Essential - A saw, preferably a good one but you can make do with a slightly crappy one
                    some way to accurately remove a fairly large amount of wood - I use a gourge
                    A file or rasp to smoothen things while working on them

optional but heavily recommended - countersink bit (i didn't use one, i used the gauge, and the chisle bladed hobby knife to do a messy poor man's countersink

Mitre Box - I didn't use one for my original. they do make a lot more possibilities available

Step 1: Sizing and Estimation.

You'll need to cut two pieces out of your baton. The first piece is longer and serves as the vertical basis of the headphone stand, and the second is the crosspiece for the stand. For former cutting the baton as square as possible is good, unless you want the crosspiece as a handle. Aim to have the vertical beam tall enough that without the crosspiece, the headphone can rest on it without touching the base.

Step 2: The Crosspiece Pt 1

This is the most time consuming part of the project. Its probably easier to not do it how i did - a router would make short work of it, but i've documented it for anyone who wants to do it the hard way.

We're going to make an indent for the crosspiece to rest on.

Saw down as far as you want the indent to be. You don't want it to be so deep as to weaken that area, and not shallow enough to be useless. 1/5th the depth of the wood would be a good starting point. Use the gourge (or a chistle, or some other tool) to remove as much of the wood as possible between the two saw lines. If you have a saw which is messy and has a wide kerf, its perfect for this as well.
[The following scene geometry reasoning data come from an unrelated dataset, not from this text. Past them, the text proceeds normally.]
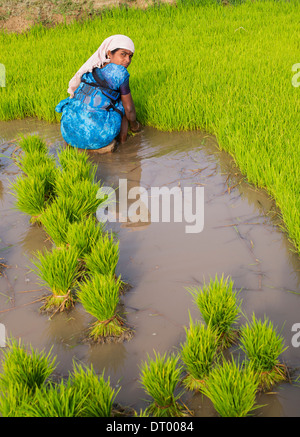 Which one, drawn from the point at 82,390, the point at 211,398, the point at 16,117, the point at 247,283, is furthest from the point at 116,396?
the point at 16,117

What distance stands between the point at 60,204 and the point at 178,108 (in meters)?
2.13

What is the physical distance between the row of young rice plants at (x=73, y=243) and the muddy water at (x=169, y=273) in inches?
3.6

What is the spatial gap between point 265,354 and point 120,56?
308cm

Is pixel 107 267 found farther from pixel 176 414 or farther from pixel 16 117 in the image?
pixel 16 117

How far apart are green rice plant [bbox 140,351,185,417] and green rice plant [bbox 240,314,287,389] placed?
0.34 metres

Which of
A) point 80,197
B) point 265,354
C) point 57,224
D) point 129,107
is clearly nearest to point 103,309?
point 265,354

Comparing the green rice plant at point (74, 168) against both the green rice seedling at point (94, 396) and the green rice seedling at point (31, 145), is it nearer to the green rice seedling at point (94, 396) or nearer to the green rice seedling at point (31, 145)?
the green rice seedling at point (31, 145)

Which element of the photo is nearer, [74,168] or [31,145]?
[74,168]

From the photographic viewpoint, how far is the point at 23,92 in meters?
5.73

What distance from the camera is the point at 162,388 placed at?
1.85m

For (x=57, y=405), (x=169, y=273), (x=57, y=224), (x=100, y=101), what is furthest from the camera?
(x=100, y=101)

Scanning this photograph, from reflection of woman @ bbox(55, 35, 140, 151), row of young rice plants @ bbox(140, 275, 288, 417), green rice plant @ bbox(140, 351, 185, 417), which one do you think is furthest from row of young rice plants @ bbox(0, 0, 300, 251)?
green rice plant @ bbox(140, 351, 185, 417)

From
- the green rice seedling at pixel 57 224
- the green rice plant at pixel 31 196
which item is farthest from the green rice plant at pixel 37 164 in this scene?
the green rice seedling at pixel 57 224

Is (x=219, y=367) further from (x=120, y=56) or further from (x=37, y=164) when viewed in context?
(x=120, y=56)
Once you have it roughed out file it smooth.

Step 3:

Place the vertical beam on the crosspiece and mark the area where they overlap. Then estimate and drill a pilot hole all the way through the crosspiece so that you can screw the two of them together overlapping completely. If you can, countersink them - i didn't and relied on the softness of the wood and the slottedness of the wood. Since the pilot hole is smaller, the two pieces will be held tightly.

Step 4:

In my early versions, i had the vertical beam mounted to the center of the base. This is a bad idea since the weight of the headphones will make it tip over - find the center, and make a pilot hole 1/4 the way from one end of a square base - you want the center of gravity WITH the headphones on to be as close to the center of the base as possible to avoid tipping.

You will HAVE to countersink the screw hole on the base - I used a gouge to do that, but a proper countersink bit will be just better - to get it to sit flush. Screw the base to the vertical bar...

Step 5:

You should end up with something like this (but of course, this is an earlier model. note where the base and the vertical beam are connected). You can now sand/paint/finish it to your liking.